Mani infatti era fratello di Sol, la dea del sole e, come lei, era bello e gentile.
Un giorno loro padre, che nella Edda viene indicato con il nome di Mundilfoeri, decise di dare Sol in sposa ad un uomo di nome Glenr, ma quella decisione fece infuriare gli dei (anche se nel poema non è riportato il motivo).
Gli dei misero di punto in bianco Sol alla guida del carro del sole e Mani alla guida del carro della luna.
Come se già questo non bastasse, i due fratelli, durante il loro percorso, venivano inseguiti da due lupi, che cercavano in tutti i modi di divorarli.
7.Artemide e Selene, le due facce della luna nell’antica Grecia
Anche nell’antica Grecia, come nell’antico Egitto, erano presenti numerose divinità lunari, ciascuna delle quali rappresentava una fase della luna, ma le due dee della luna più famose erano senza dubbio Artemide e Selene.
Artemide, sorella di Apollo, era la dea della luna crescente, ma anche della caccia, nonché protettrice della verginità e del pudore.
Secondo uno dei miti più famosi che la riguardano, prima che sua madre Leto, perseguitata da Pitone, il serpente mandato dalla gelosissima Era, giungesse a Delo, Artemide nacque nell’isola di Ortigia (dove oggi si trova il centro storico di Siracusa).
Artemide, come Estia e Atena, scelse di rimanere vergine e, come quest’ultime, non amava in modo eccessivo la compagnia maschile (anzi, Atteone, solo perché l’aveva vista senza vestiti, venne trasformato in cervo e sbranato dai cani della dea).
Selene invece, al contrario di Artemide, non solo era bella e splendente, ma anche se aveva avuto numerosi amanti (tra cui Zeus e Pan), si innamorò perdutamente di Endimione, un giovane e bellissimo re dell’Elide da cui ebbe ben cinquanta figli.

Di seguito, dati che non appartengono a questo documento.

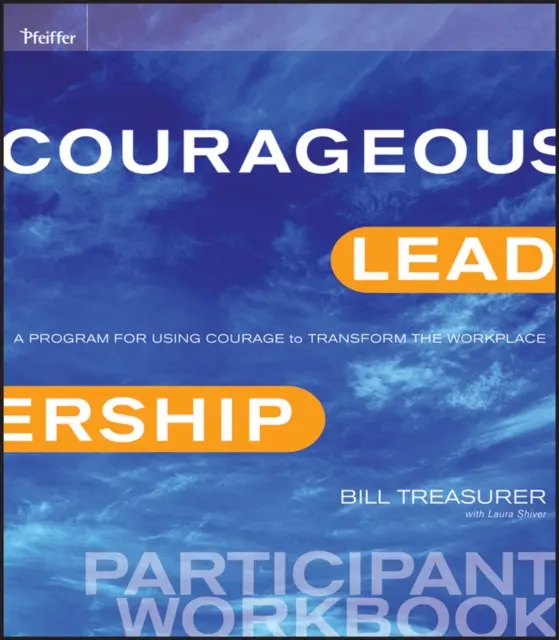 Couragierte Führung: Ein Programm für den Einsatz von Mut zur Veränderung des Arbeitsplatzes - Arbeitsbuch für Teilnehmer - Courageous Leadership: A Program for Using Courage to Transform the Workplace Participant Workbook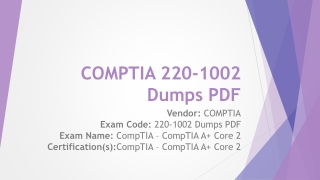 100% Real CompTIA 220-1002 Dumps PDF With Complete Cheat Sheet
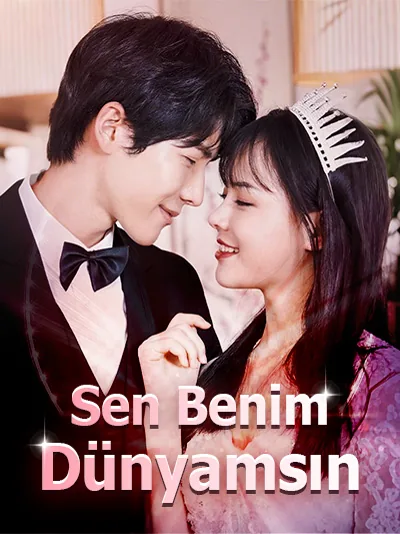 Sen Benim Dünyamsın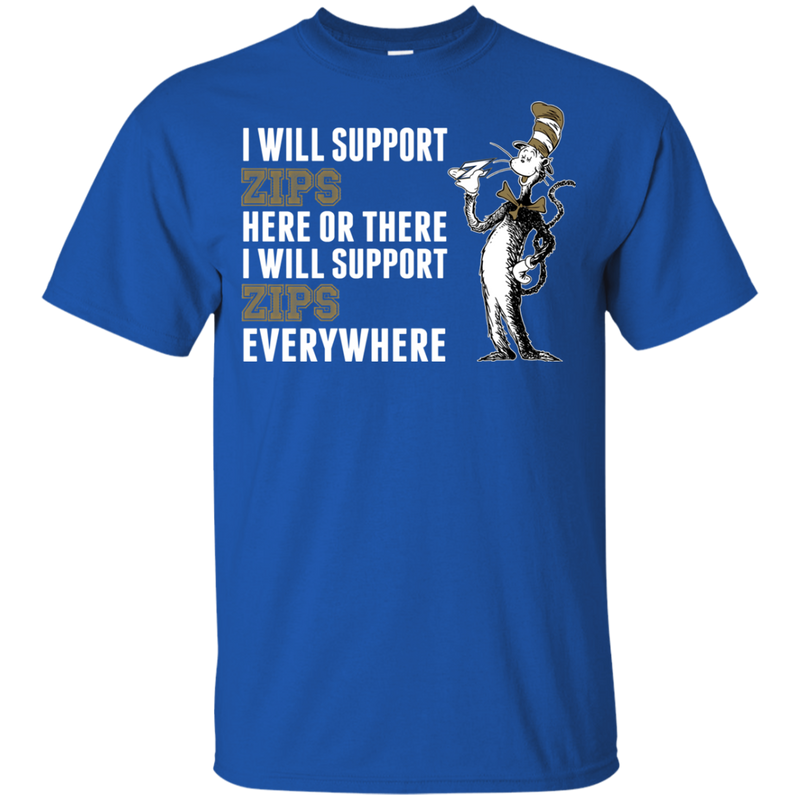 I Will Support Everywhere Akron Zips T Shirts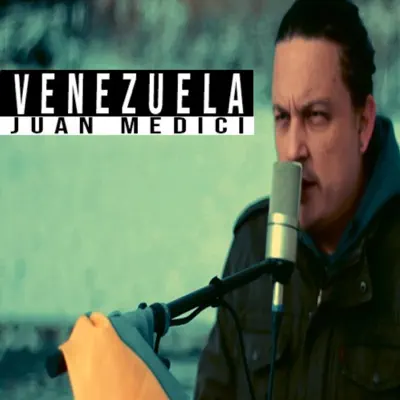 Venezuela - Single - Juan Medici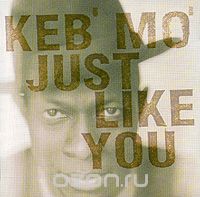 Keb' Mo'. Just Like You
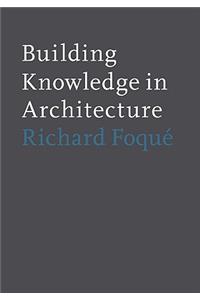 Building Knowledge Case Studies in Architecture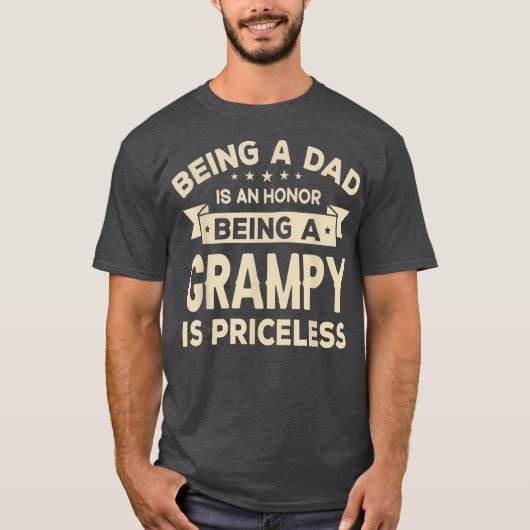 Mens Being a DAD is an HONOR Being a GRAMPY is Tシャツ (正面)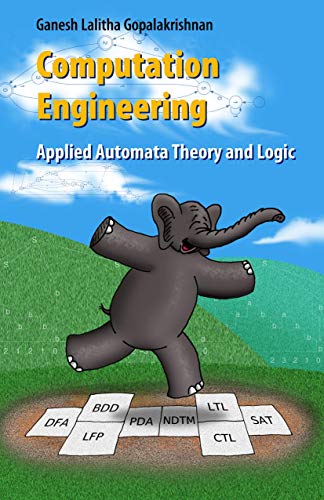Computation Engineering: Applied Automata Theory and Logic view 2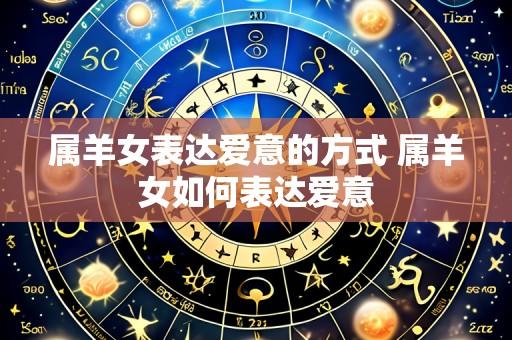 属羊女表达爱意的方式 属羊女如何表达爱意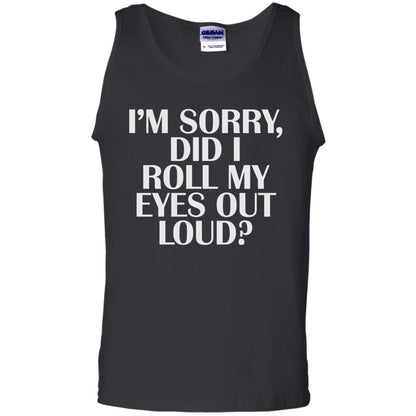 I_m Sorry Did I Roll My Eyes Out Loud T-shirt Black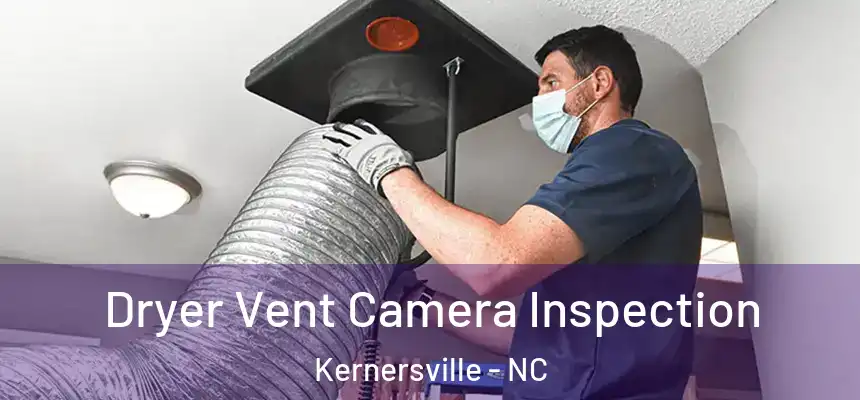 Dryer Vent Camera Inspection Kernersville - NC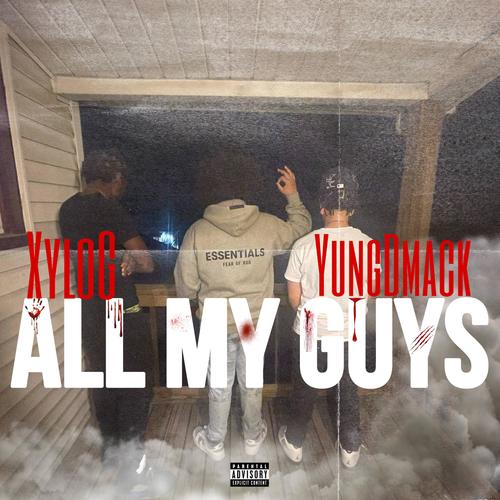 All My Guys (feat. YungDmack) [Explicit]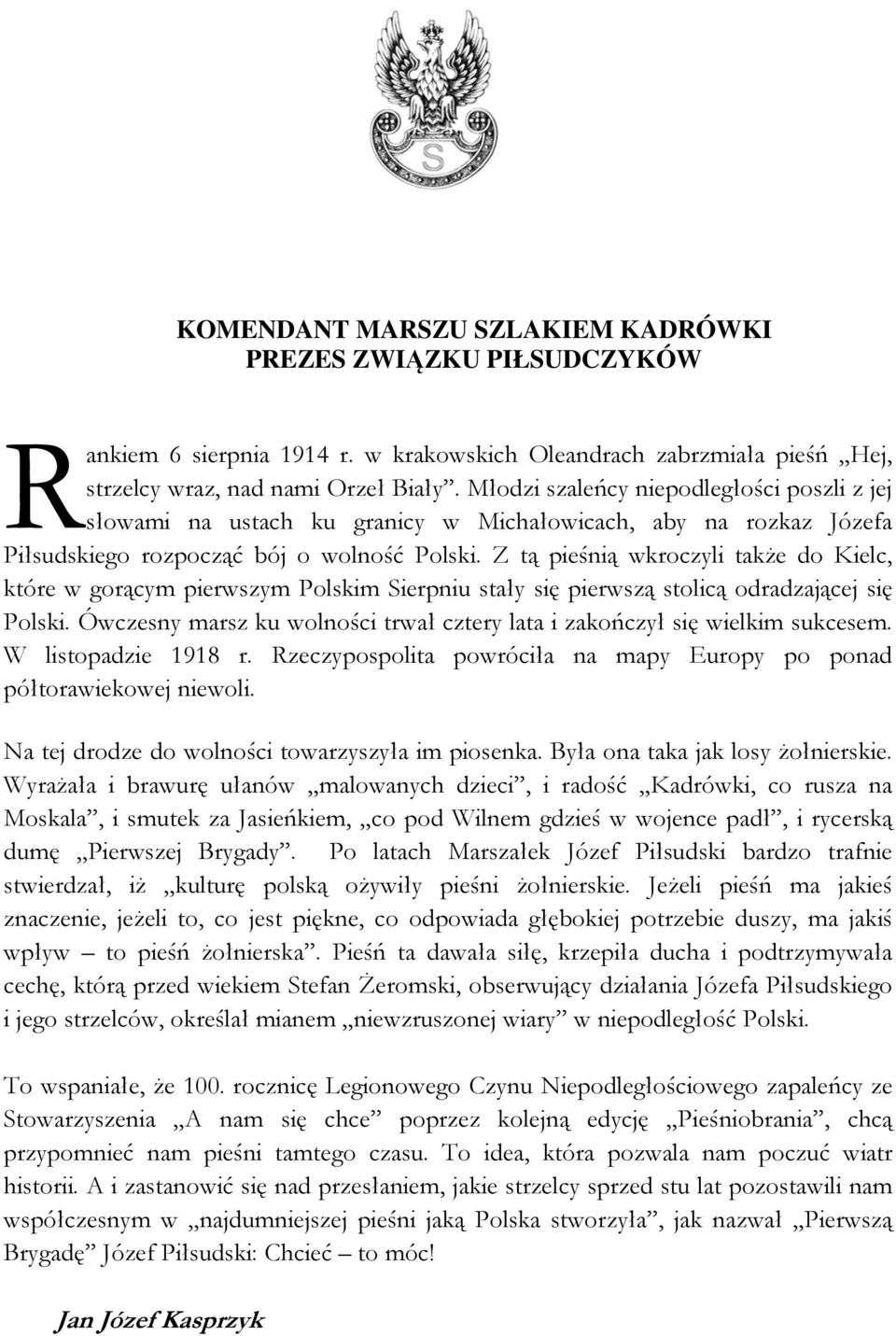 Z tą pieśnią wkroczyli także do Kielc, które w gorącym pierwszym Polskim Sierpniu stały się pierwszą stolicą odradzającej się Polski.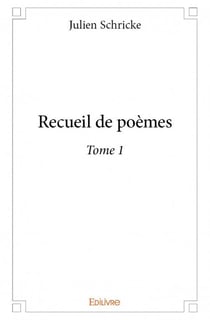Recueil de poèmes -Tome 1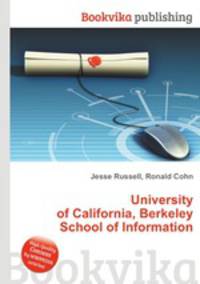 University of California, Berkeley School of Information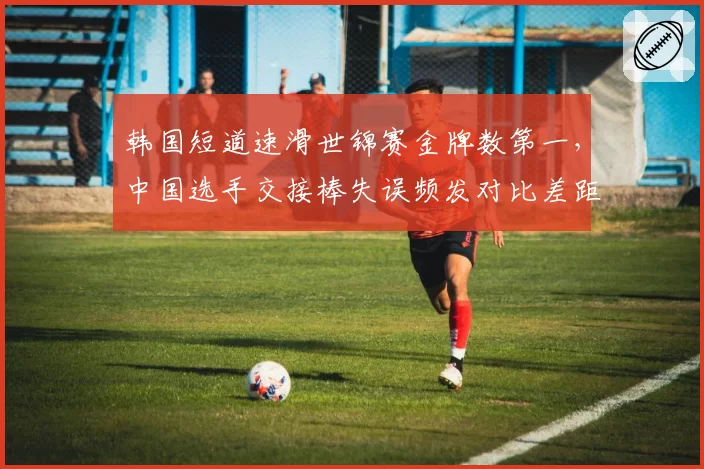 韩国短道速滑世锦赛金牌数第一，中国选手交接棒失误频发对比差距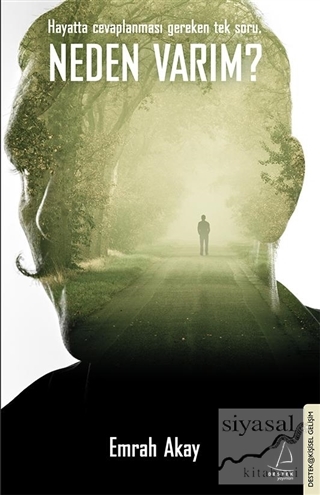 Neden Varım?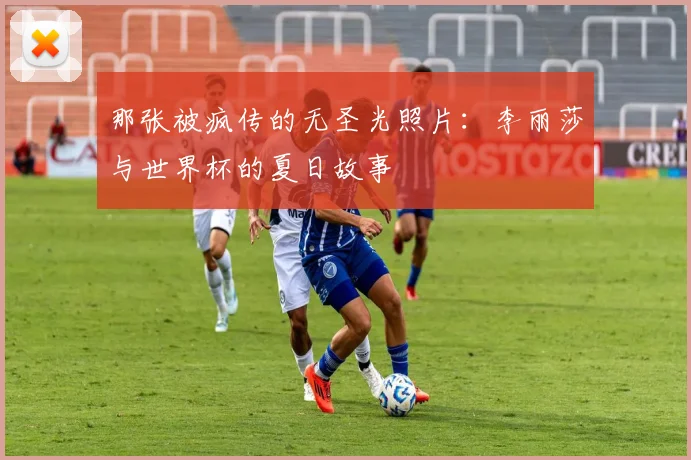 那张被疯传的无圣光照片：李丽莎与世界杯的夏日故事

Secondo uno dei miti che li riguardano Selene, spaventata all’idea che il suo amante mortale un giorno dovesse morire, non solo gli regalò l’eterna giovinezza, ma gli concesse di dormire eternamente con gli occhi aperti, di modo che potesse sfuggire al trascorrere del tempo e, nello stesso tempo, contemplarla mentre si recava da lui.